Feather Fall kicked in, allowing me to drop relatively gently to the dunes below. That was fortunate, because my everything hurt. Harpies were calling to each other above as they retreated out of reach of the incoming soldiers, some of whom came to the edge of the bridge to watch me. I moved beneath them, planting my sword in the sand before leaning against a support pillar and digging through my pack for some food. Though I had resigned myself to regenerating on the strength of beets alone, I was delighted to find a bread coin mixed in with the vegetables, and slapped it into my hand.

Soft, chewy, delicious.

While I was eating, Gastard was alone atop the tower, either dead or dying. Being struck by lightning while wearing a metal suit sounded like a death sentence. Even if his heart hadn't stopped, he was going to be all kinds of burned and in need of immediate medical attention, which I could not provide him. We hadn't known each other for long, but I had liked the guy. If he was gone, it was my fault. I'd brought us here and put us up against a demon. Now there was nothing I could do to help him but hope.

The cuts on my face closed, and my joints felt less ruined. More food would be necessary to get me back to full health, but as I searched my pack for another edible material, a zombie plummeted to the dunes ten feet away from me. It landed hard, like a crash test dummy, but a second later, it was levering itself up and shambling toward me.

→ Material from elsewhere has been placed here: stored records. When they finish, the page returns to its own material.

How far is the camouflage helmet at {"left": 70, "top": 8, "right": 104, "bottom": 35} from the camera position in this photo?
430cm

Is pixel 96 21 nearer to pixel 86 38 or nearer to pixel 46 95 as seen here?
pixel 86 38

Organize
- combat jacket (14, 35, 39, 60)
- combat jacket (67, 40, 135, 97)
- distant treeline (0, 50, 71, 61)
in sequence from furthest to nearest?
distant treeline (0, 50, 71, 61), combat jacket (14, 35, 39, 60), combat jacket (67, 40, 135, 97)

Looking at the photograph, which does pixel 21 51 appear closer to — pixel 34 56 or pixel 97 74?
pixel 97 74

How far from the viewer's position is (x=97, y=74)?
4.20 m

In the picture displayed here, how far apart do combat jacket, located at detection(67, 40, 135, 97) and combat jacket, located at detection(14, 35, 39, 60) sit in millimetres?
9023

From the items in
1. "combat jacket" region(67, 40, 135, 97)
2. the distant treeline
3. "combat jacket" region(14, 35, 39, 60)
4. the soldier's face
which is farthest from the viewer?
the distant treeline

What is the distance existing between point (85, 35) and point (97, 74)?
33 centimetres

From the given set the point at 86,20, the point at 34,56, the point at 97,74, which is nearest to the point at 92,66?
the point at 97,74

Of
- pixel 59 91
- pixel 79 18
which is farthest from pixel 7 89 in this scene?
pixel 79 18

The shouting from above took on a different tone. Someone was giving orders, but other people were just screaming. Was anyone that upset about a dead demon? My elder sign tattoo was glowing faintly. There may have been a notification ding I missed during the fight, but it rarely gave me any visual cues. When my screen popped up, it jumped right into the new message.

Journal Quests Notifications Materials Crafting

Achievement: Purifier (2) Tainted (1)

By slaying a demon, you have marked yourself as an enemy of Discord. Entities aligned with Bedlam will actively seek to eliminate you, driven by hatred to ignore obstacles and easier prey. As you know, killing ranked entities can cause spiritual corruption. Banishing Beleth without the necessary filters has resulted in the absorption of a quantity of demonic essence. The elder sign will protect you from some of the side effects of this change, but the resistance it provides is not complete.

You are [Tainted].

Base physiology adjusted: The candidate is immune to all non-magical poisons and diseases. Darkvision applied.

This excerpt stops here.